Questa piattaforma di coltura cellulare ingegnerizzata è altamente adatta per l’analisi dei percorsi meccanicistici a causa dell’elevato livello di sintonfiabilità individuale di ogni segnale legato a ECM. Inoltre, i metodi popolari per il micropatterning cellulare, compresa la stampa di microcontatto, possono essere ottenuti sui substrati per consentire l’adesione cellulare controllata per analizzare la forma cellulare in relazione ad altri segnali eCM legati24. Questo è fondamentale perché i substrati modellati a linee, che promuovono l’allungamento nelle popolazioni cellulari, forniscono uno strumento per imitare e studiare le SC allungate e rigenerative all’interno delle bande di Bàngner durante la rigenerazione dei nervi.

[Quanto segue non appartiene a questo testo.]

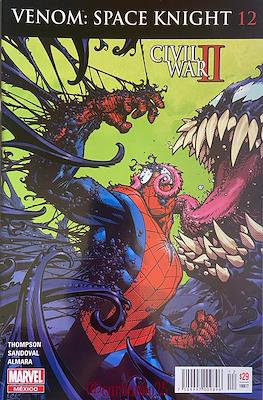 Venom: Space Knight #12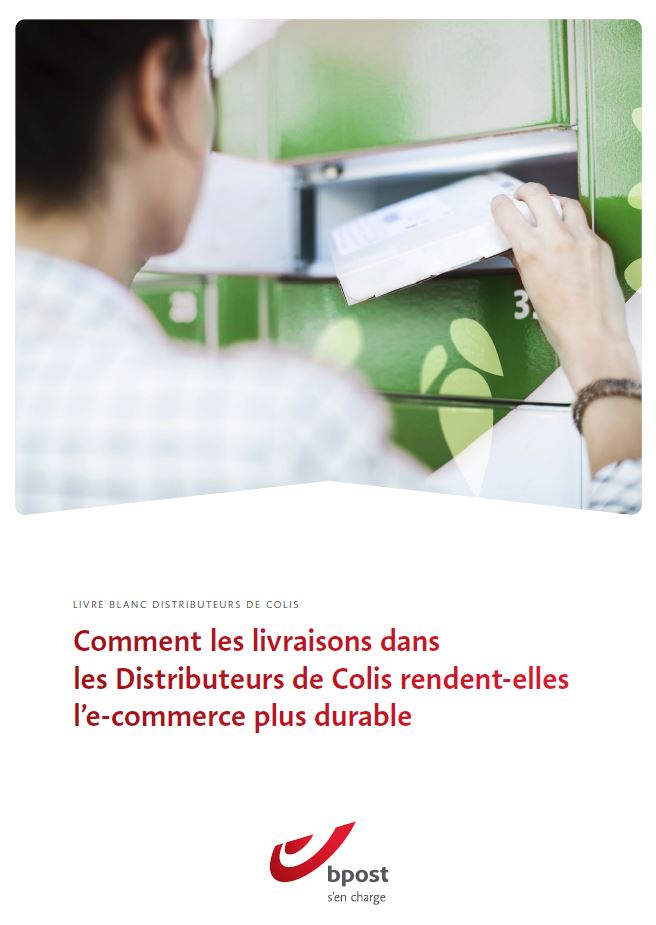 Comment les livraisons dans les Distributeurs de Colis rendent-elles l’e-commerce plus durable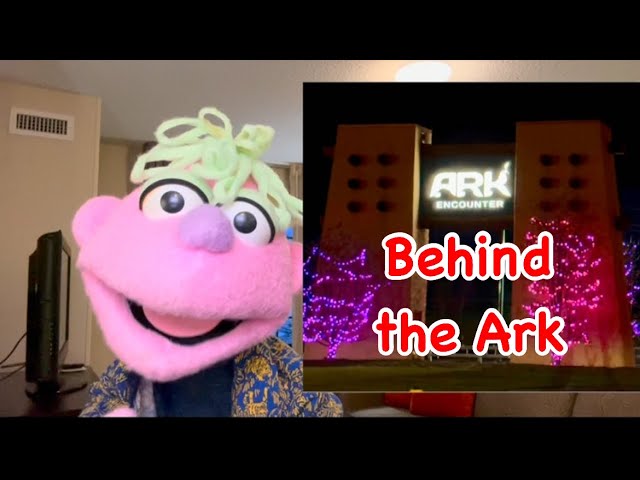 Behind the Ark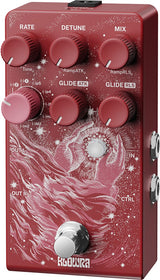 Klowra Vein Multi Pitch-Shifter e pedale armonico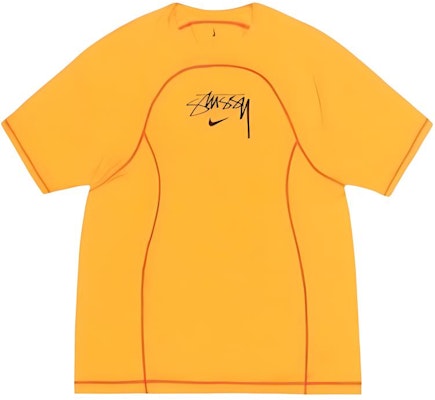 Camiseta Unisex Nike x Stüssy Amarilla Oversized Colaboración. FZ5756-717 Order Camiseta Unisex Nike x Stüssy Amarilla Oversized Colaboración. FZ5756-717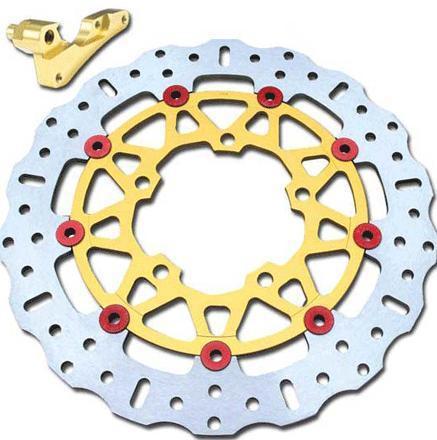 Ebc supermoto contour brake rotor kit  sm6001c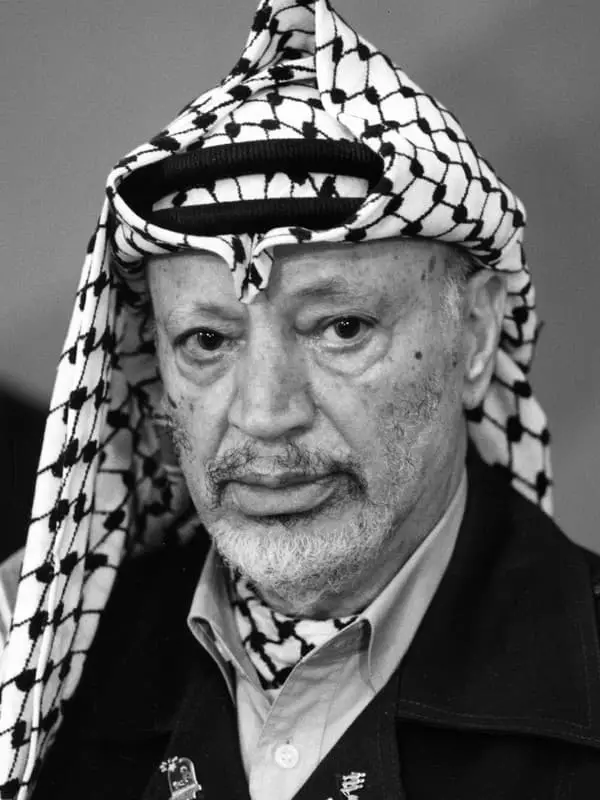 Ясър Арафат - снимка, биография, палестина президент, личен живот, смърт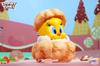 SOAP STUDIO Looney Tunes Tweety Cream Puff Figure Painted and Assembled Figure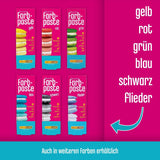 DECOCINO pink farvepasta - 20 g - Madfarve, ideel til farvning af kager, fondant og cremer - Fri for azofedtsyrer og gluten
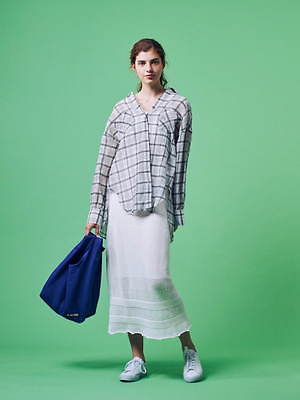 ハチイチブランカ(＋81 BRANCA) 2020年春夏ウィメンズコレクション  - 写真5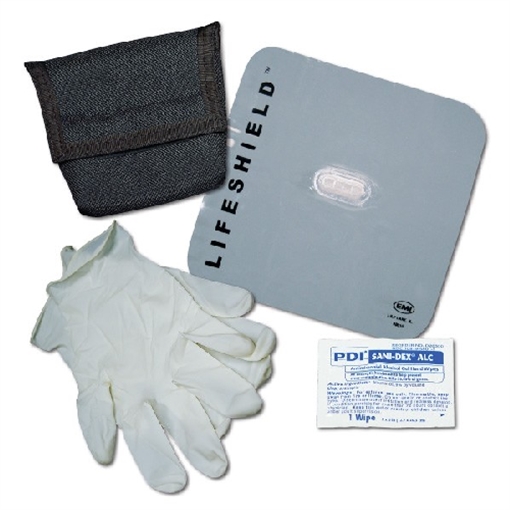 EMI - Emergency Medical CPR Lifeshield Plus 474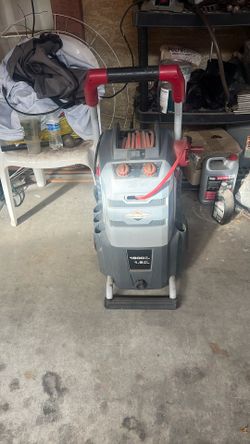 Water Pressure Machine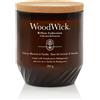 Yankee Candle WoodWick - ReNew Candela Media Cherry Blossom & Vanilla, 181g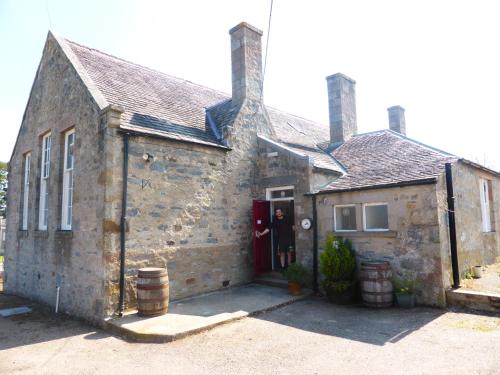 入口, The Smugglers Hostel in 托明多爾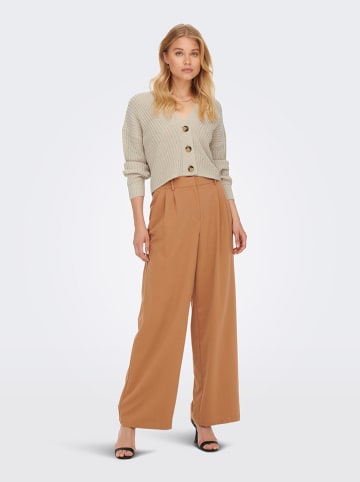 Cardigan in Beige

Inoltre, la morfologia cellulare è un potente regolatore di molteplici funzioni cellulari e può potenzialmente introdurre risultati sperimentali confusi se non controllati26,27. Viene ora prestata particolare attenzione ai meccanismi che regolano il fenotipo rigenerativo SC come regolato da segnali ECM28,29,30. Questo è essenziale per fornire informazioni sulla progettazione di biomateriali che possono essere applicati come condotti di guida nervosa per aiutare nella rigenerazione dei nervi PNS. Questi protocolli dettagliati possono infine essere applicati come un potenziale strumento per decifrare i meccanismi di SC e altri tipi di cellule funzionano come regolato da segnali legati ECM.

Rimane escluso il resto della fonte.